Stored items:
──────────
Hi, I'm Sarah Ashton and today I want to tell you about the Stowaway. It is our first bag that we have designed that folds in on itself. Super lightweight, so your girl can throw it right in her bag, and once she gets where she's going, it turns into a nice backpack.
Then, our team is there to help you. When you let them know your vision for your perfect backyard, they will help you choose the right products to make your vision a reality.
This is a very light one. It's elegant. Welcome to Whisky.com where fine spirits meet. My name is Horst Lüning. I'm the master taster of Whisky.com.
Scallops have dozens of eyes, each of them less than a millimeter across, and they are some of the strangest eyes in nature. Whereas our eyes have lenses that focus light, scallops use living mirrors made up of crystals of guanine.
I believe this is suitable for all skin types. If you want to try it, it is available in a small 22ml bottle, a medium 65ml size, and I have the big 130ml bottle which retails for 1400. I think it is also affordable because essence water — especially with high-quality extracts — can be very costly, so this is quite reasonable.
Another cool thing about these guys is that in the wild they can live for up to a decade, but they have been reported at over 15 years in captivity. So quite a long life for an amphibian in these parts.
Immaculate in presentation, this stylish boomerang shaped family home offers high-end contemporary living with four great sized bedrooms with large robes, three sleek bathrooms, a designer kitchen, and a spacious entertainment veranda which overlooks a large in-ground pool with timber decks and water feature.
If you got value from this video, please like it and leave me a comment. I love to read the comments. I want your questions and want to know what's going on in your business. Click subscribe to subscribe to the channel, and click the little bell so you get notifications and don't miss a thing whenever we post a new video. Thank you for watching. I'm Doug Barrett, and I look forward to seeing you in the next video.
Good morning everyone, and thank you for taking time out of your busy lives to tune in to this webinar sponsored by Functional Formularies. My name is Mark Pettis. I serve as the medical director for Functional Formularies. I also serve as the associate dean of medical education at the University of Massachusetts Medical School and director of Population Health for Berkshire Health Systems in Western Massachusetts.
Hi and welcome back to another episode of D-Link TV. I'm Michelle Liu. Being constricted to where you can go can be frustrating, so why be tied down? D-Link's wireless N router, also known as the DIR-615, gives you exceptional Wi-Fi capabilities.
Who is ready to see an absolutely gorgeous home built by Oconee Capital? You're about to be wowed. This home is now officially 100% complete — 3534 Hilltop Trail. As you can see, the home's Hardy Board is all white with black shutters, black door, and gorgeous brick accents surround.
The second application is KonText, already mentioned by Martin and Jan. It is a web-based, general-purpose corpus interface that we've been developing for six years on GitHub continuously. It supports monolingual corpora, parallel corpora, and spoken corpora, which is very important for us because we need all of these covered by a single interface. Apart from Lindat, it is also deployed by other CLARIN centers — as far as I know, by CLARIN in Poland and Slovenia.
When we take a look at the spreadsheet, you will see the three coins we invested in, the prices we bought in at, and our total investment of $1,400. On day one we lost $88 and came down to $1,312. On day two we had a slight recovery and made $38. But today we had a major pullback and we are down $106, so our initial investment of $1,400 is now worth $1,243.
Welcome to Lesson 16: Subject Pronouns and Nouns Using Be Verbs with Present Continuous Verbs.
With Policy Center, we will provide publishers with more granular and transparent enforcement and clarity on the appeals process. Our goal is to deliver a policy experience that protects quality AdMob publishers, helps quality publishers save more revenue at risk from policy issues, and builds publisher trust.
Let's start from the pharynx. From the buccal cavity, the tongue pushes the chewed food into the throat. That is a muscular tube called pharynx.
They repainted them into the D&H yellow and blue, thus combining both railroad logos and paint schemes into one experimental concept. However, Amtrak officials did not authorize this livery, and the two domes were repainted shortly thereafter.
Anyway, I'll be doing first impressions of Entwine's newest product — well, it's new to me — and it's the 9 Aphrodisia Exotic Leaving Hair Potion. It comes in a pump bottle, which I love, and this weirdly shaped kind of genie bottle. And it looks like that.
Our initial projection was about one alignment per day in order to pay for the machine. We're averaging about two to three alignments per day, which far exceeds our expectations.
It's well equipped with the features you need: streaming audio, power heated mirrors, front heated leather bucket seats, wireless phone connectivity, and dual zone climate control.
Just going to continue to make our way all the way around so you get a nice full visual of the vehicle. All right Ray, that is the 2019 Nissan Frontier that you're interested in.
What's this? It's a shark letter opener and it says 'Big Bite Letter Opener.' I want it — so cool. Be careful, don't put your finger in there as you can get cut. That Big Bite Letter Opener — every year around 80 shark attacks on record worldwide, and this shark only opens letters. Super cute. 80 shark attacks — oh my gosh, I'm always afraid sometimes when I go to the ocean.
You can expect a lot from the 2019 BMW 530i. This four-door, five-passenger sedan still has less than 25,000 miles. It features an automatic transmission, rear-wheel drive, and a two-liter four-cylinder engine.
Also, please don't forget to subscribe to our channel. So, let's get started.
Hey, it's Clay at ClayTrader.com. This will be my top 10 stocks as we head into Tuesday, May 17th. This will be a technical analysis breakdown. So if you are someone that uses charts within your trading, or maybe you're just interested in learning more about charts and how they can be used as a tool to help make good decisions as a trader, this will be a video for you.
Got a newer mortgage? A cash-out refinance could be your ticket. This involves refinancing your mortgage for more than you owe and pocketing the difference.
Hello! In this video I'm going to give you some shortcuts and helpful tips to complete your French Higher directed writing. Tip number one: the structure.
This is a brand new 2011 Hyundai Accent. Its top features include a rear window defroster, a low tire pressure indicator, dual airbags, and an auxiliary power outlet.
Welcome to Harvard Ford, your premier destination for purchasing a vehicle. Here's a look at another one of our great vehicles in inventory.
──────────
◆ WHAT THE EXERCISE ASKS: With the first line of the records as the start and the line holding "Then, our team" as the end, please copy exactly those lines and no others.

◆ EXERCISE ANSWER:
Hi, I'm Sarah Ashton and today I want to tell you about the Stowaway. It is our first bag that we have designed that folds in on itself. Super lightweight, so your girl can throw it right in her bag, and once she gets where she's going, it turns into a nice backpack.
Then, our team is there to help you. When you let them know your vision for your perfect backyard, they will help you choose the right products to make your vision a reality.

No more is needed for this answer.